While I can see that the words "master" and "slave" evoke a time nobody likes to talk or think about today, we should not take them thoughlessly as insults. They are merely a fitting metaphor for the way the IDE bus (and any other bus using this terminology) works; they aren't absolutely meant as an insult.
And "primary" and "secondary" are longer, aren't a fitting metaphor as much as a description, and suck IMHO. -- l0ne aka EmanueleVulcano
Not exactly a Programming Terms, but what do you think about the terms `male plugs' and `female sockets' ?

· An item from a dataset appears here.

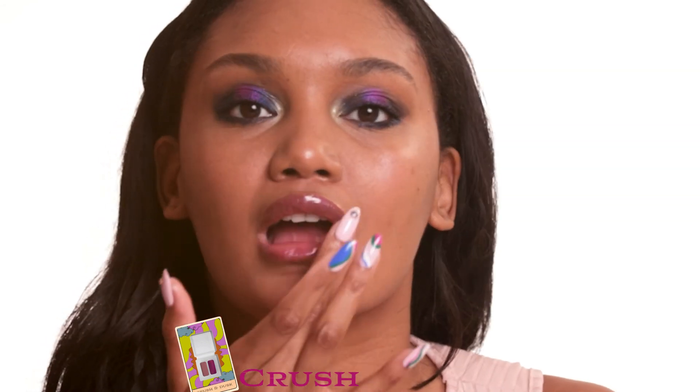To finish the look off, I'm going to add lip gloss in the shade Crush. I actually don't do wow colors and I actually like it. I'm shocked and so excited — I can't wait to see what you guys do with your looks.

Oooh, or 'drivers' in general - I mean it might imply slave drivers or driving Miss Daisy ... We shall now call them 'hardware controller code' ... no, wait, 'controller' may offend people too ... d'oh!
They are hardware cooperational facilities, thank you very much.
Mmm, no, that may disenfranchise today's teens. We prefer 'equal-opportunity device directors'.
I think people who are easily offended by language have been "programmed" to be that way. We SHOULD feel sorry for them. I myself am highly offended by PL/1.
The PC (politically correct) bug has come back to bite us all, now that the blue-hairs are coming heavy on the censorship act. Free expression is under attack on both the right and left.
Why, some naive mathematical logician might even be offended by the expression "x = x - 1"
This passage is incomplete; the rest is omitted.